Questionado sobre o posicionamento do governo brasileiro neste último ano, afirma que foi correta – país assumiu uma postura de neutralidade, apesar de condenar a invasão e anexação de territórios – “Temos uma posição de equidistância, acho que essa posição é correta”, diz. Contudo, não aposta na sugestão de Luiz Inácio Lula da Silva (PT) para criar um grupo da paz, o ex-embaixador diz se tratar de um “gesto do petista de querer ter uma influência e participação, além de ser uma forma de se inserir no contexto internacional”, porém, não acredita que esse grupo realmente vá ser criado e que possa existir alguma consequência disso, porque “os EUA não querem, a Rússia e Ucrânia não vão querer e a China vai apresentar uma proposta de paz independente desse grupo” . Na quinta-feira, 23, a China, que tenta se posicionar como parte neutra no conflito, ao mesmo tempo que mantém laços estreitos com a Rússia, apresentou uma proposta de 12 pontos para uma “solução política” para o conflito, na qual faz um apelo por diálogo, alerta que armas nucleares não devem ser usadas e pede que os civis não sejam atacados. O secretário-geral da Otan, Jens Stoltenberg, expressou ceticismo com o plano. “A China não tem muita credibilidade porque não foi capaz de condenar a invasão ilegal da Ucrânia. E, além disso, assinou alguns dias antes da invasão um acordo (…) de associação ilimitada com a Rússia”, disse. “Não é um plano de paz, é um documento de posicionamento, no qual a China reuniu todas as suas posições expressas desde o início” da invasão russa, disse o chefe da diplomacia europeia, Josep Borrell.

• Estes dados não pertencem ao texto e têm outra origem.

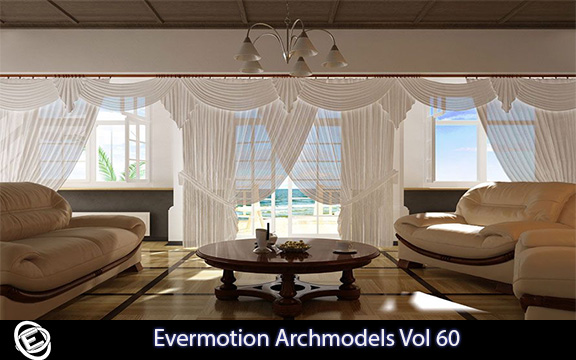 دانلود آرچ مدل Evermotion Archmodels Vol 60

Para Barbosa, essa é “uma guerra que vai se prolongar, pois não vemos possibilidade de suspensão das hostilidades e tratado de paz, porque as posições são completamente antagônicas” e “é difícil parar para negociar quando as posições são completamente radicais”, afirma o ex-embaixador do Brasil em Washington. Apesar do impasse que estava marcando o conflito, há expectativa que a Rússia lance uma nova ofensiva durante a primavera, enquanto os ucranianos já se comprometeram em fazer o possível para vencer a guerra ainda em 2023. “Atacaremos com mais força e a partir de distâncias maiores, no ar, em terra, no mar e no ciberespaço. Nossa contraofensiva vai acontecer. Estamos trabalhando duro para prepará-la”, prometeu o ministro da Defesa da Ucrânia, Oleksii Reznikov. O ex-embaixador diz que o conflito mostra o esvaziamento das organizações internacionais para manter a paz e segurança no mundo. “Essa guerra só trouxe instabilidade muito grande, uma desorganização do mercado energético, de commodities, de alimentos e trouxe uma perda muito grave para Ucrânia que está sendo destruída”. A guerra intensificou uma crise de custo de vida que já era vislumbrada antes da pandemia, conforme apontado pelo Fórum Econômico Mundial.